> [Data for processing]:
- Opening Delimiter -

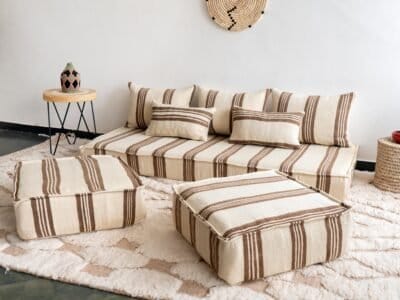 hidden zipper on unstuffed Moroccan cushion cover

- Closing Delimiter -
- Opening Delimiter -

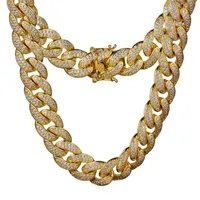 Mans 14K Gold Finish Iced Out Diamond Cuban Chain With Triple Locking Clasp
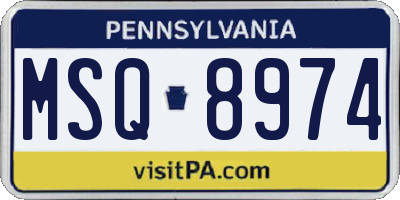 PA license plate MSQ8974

- Closing Delimiter -
- Opening Delimiter -

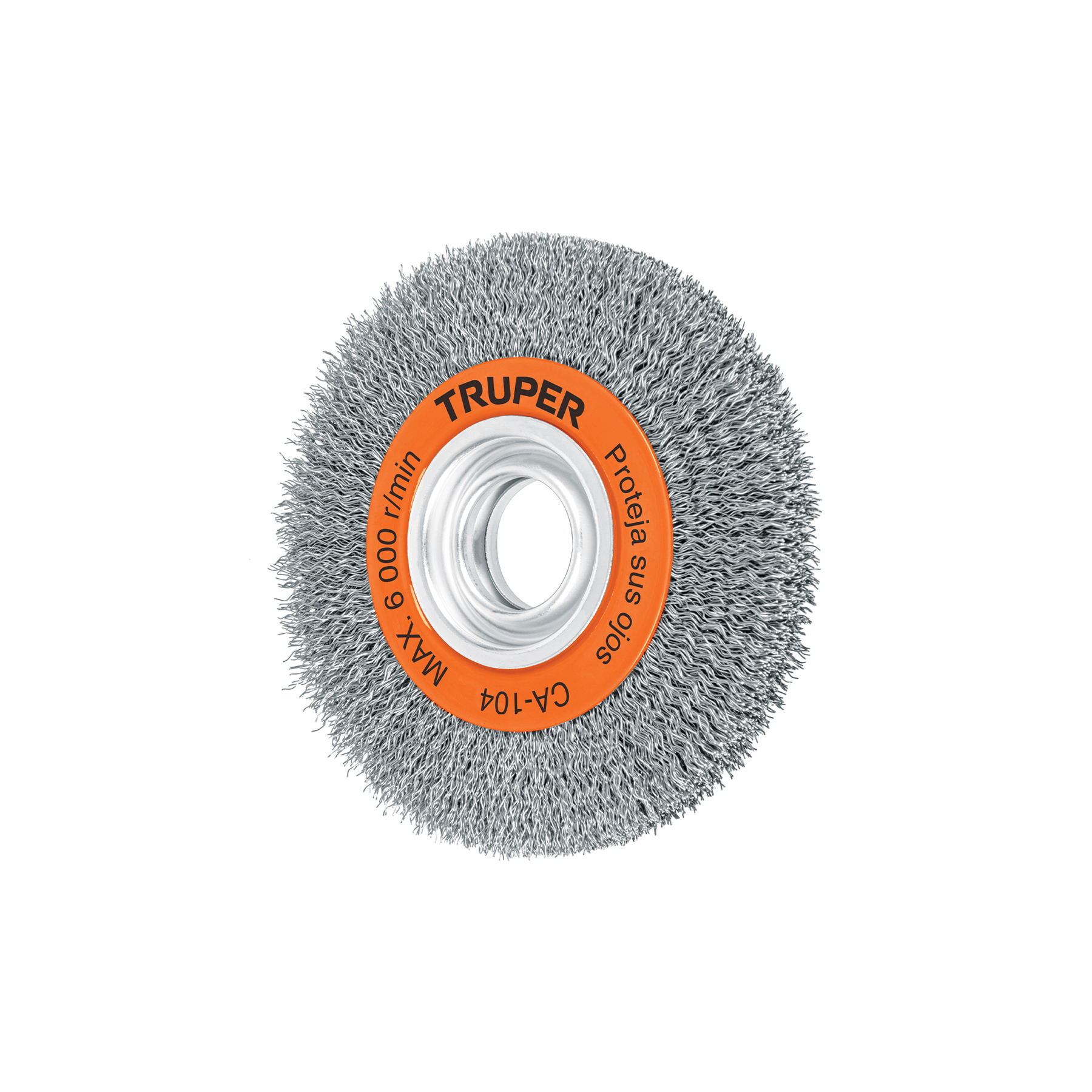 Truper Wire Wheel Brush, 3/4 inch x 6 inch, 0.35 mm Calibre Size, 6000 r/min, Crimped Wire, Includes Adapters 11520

- Closing Delimiter -

> [Instructions for the task]: Reproduce the entries exactly, from the line with "Mans 14K Gold" to the line with "PA license plate MSQ8974", both lines included, keeping no pictures.

> [Solution for this task]:
 Mans 14K Gold Finish Iced Out Diamond Cuban Chain With Triple Locking Clasp
 PA license plate MSQ8974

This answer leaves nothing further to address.